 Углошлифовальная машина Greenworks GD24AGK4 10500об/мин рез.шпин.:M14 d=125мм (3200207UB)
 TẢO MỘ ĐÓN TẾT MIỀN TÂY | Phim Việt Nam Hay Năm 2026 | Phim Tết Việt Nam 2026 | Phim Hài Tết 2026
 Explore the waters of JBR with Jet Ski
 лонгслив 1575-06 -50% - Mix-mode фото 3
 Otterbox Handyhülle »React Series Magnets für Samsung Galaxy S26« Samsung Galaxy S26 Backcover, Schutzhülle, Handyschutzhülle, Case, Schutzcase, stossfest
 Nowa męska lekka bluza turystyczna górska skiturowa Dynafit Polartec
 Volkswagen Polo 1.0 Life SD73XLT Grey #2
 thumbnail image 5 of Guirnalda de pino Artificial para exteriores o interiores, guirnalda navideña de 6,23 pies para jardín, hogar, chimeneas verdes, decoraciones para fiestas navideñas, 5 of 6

□ □ □ □ □ □ □

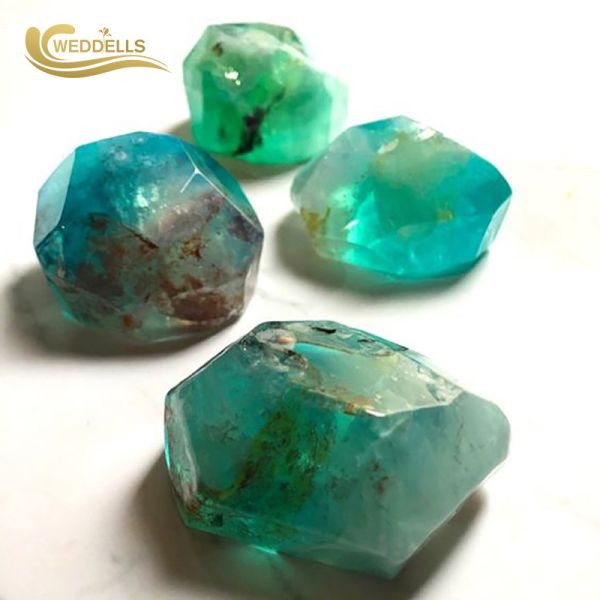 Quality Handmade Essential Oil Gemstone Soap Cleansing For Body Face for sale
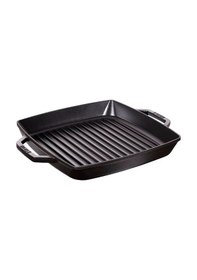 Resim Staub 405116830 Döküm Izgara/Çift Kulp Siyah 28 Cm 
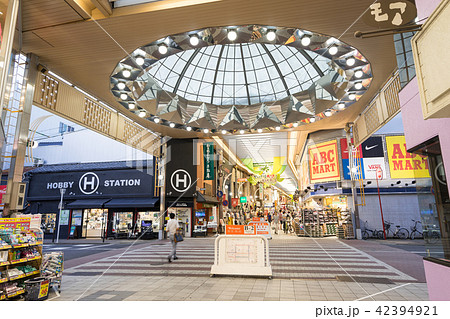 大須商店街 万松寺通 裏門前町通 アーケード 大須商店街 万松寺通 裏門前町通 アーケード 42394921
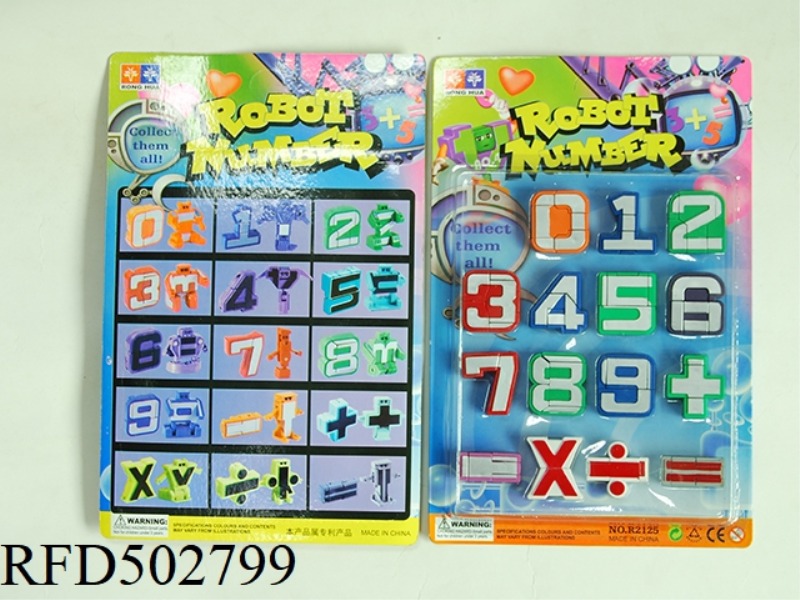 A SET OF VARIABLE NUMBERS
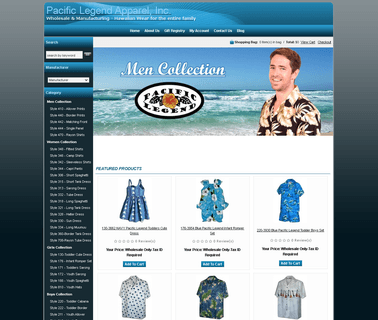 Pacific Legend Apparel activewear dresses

□ □ □ □ □ □ □

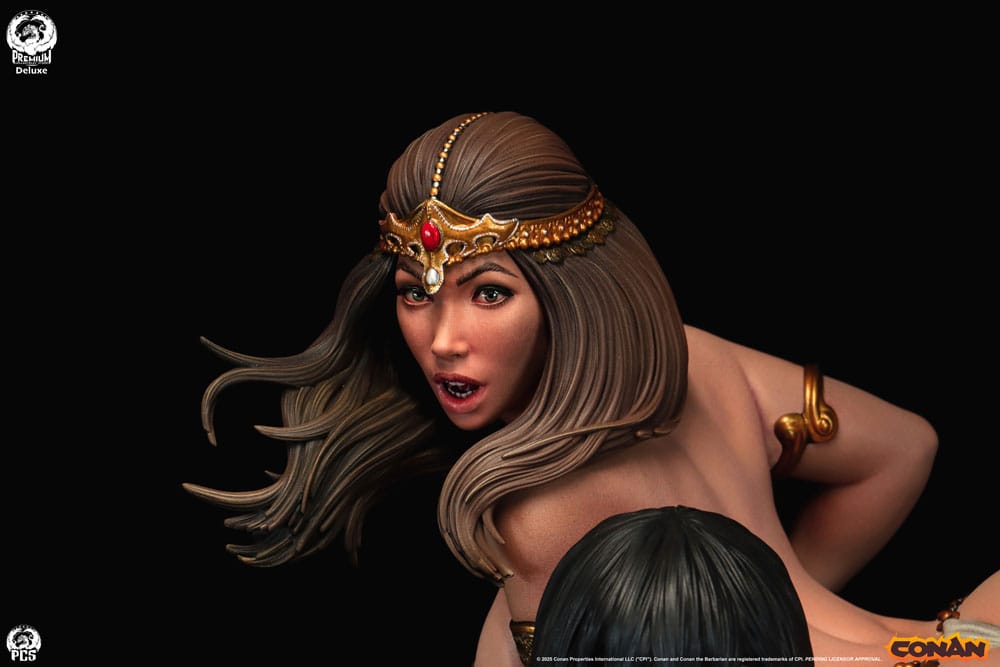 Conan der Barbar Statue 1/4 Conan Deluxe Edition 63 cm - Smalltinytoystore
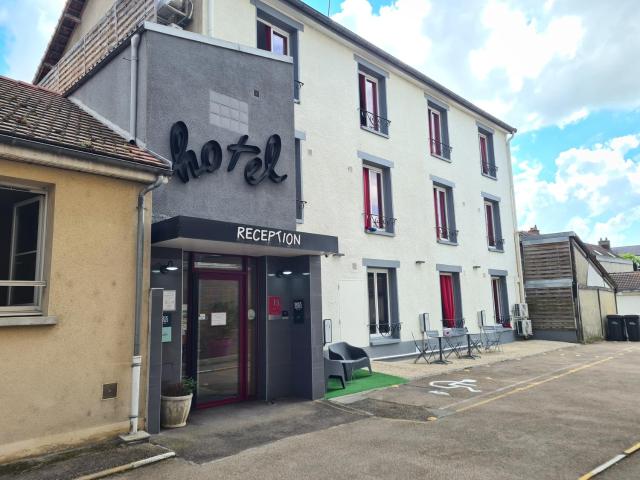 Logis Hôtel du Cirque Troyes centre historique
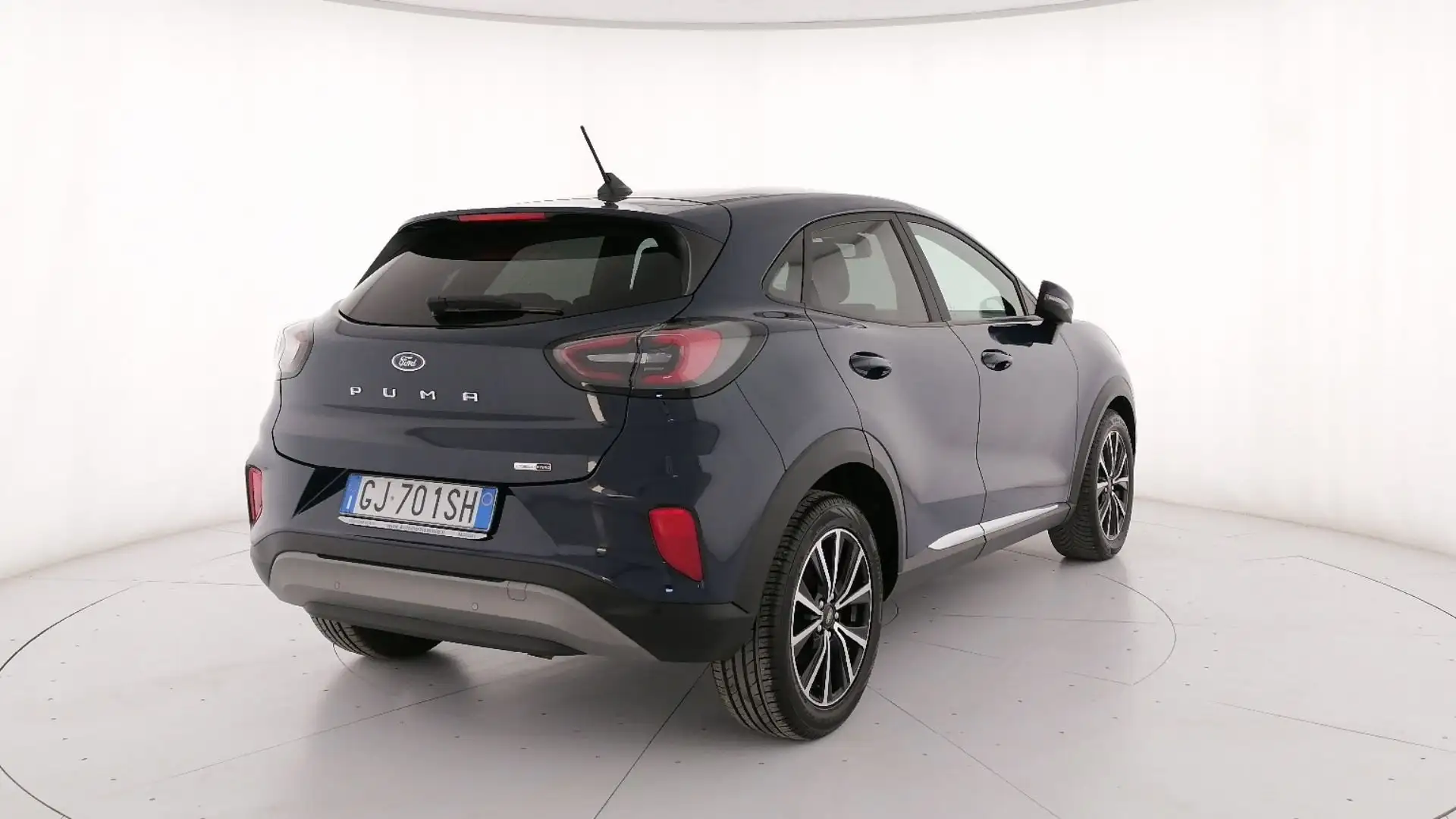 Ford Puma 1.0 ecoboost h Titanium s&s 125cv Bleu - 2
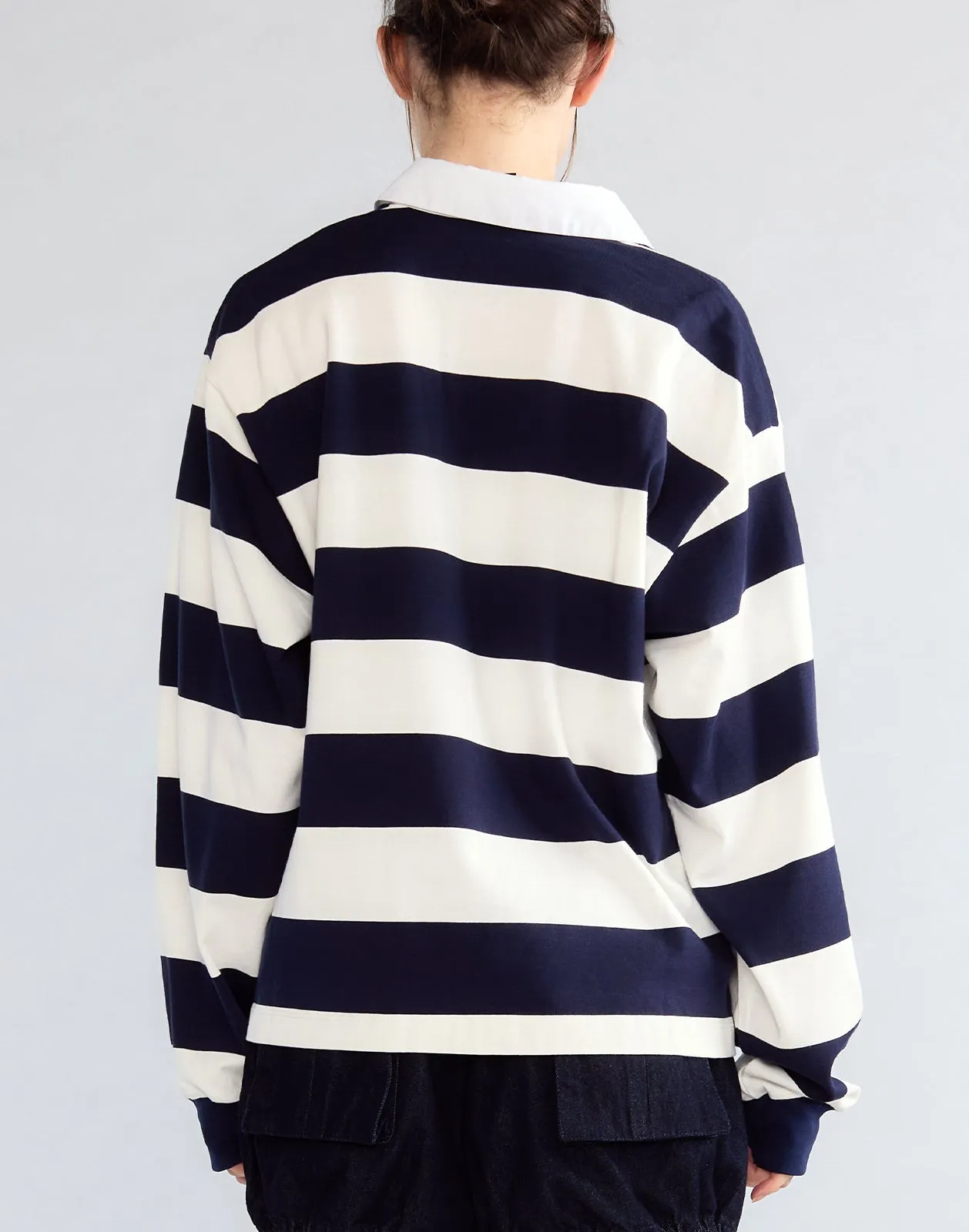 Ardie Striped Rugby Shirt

□ □ □ □ □ □ □

* THE PROBLEM: The reply should hold only the lines of the listing above starting at the line containing "Explore the waters of JBR with Jet Ski" and ending at the line containing "thumbnail image 5", exactly as written.

* TASK SOLUTION:
 Explore the waters of JBR with Jet Ski
 лонгслив 1575-06 -50% - Mix-mode фото 3
 Otterbox Handyhülle »React Series Magnets für Samsung Galaxy S26« Samsung Galaxy S26 Backcover, Schutzhülle, Handyschutzhülle, Case, Schutzcase, stossfest
 Nowa męska lekka bluza turystyczna górska skiturowa Dynafit Polartec
 Volkswagen Polo 1.0 Life SD73XLT Grey #2
 thumbnail image 5 of Guirnalda de pino Artificial para exteriores o interiores, guirnalda navideña de 6,23 pies para jardín, hogar, chimeneas verdes, decoraciones para fiestas navideñas, 5 of 6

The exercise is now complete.